Neurofibromatosis type 1 (NF1) is an autosomal dominant genetic condition characterised by an early presentation of multiple café-au-lait macules and, later, benign growths known as neurofibromas. Multiple complications can occur secondary to the location of benign growths, and due to the higher risk of malignancy.

Clinical features

Revised diagnostic criteria suggest that a diagnosis of NF1 can be made in a patient without a family history when two or more of the following features are present:

  • six or more café-au-lait macules (over five millimetres in pre-pubertal individuals, over 15 millimetres in post-pubertal individuals);
  • axillary and/or inguinal freckling;
  • two or more neurofibromas or one plexiform neurofibroma;
  • optic pathway glioma;
  • two or more iris Lisch nodules on slit lamp examination, or two or more choroidal anomalies imaged by optical coherence tomography (OCT) or near-infrared reflectance (NIR) imaging;
  • a distinctive osseus lesion such as sphenoid dysplasia, tibial bowing or pseudoarthrosis of a long bone; and
  • a heterozygous pathogenic NF1 variant with an allele fraction of 50%.

Note that the child of a parent who meets diagnostic criteria and has one or more of the diagnostic criteria outlined above also meets the revised diagnosis criteria.

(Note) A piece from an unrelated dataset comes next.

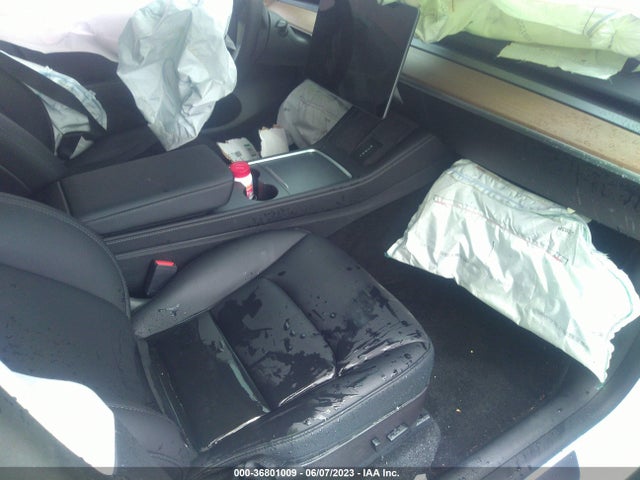 2022 TESLA MODEL Y PERFORMANCE VIN: 7SAYGDEF9NF531518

Some features of NF1 show age-dependent expression, which may offer reassurance to some families. Below is a list of features and the age by which they should present.

  • By age two:
    • most will have six or more café-au-lait macules;
    • rarer presentations include:
      • sphenoid wing dysplasia;
      • pseudoarthosis; and
      • plexiform neurofibroma (most clinically disfiguring lesions will have developed by age two).
  • By age five:
    • Lisch nodules (these are not present at birth; 50% of those affected will have them by age five, 75% by age 15 and 90% by age 25).
  • By age seven:
    • Optic glioma (patients typically do not develop these after age seven, if at all).
  • Childhood:
    • axillary and/or groin freckling.
  • Adolescence through to adulthood:
    • dermal neurofibromas and nerve sheath tumours.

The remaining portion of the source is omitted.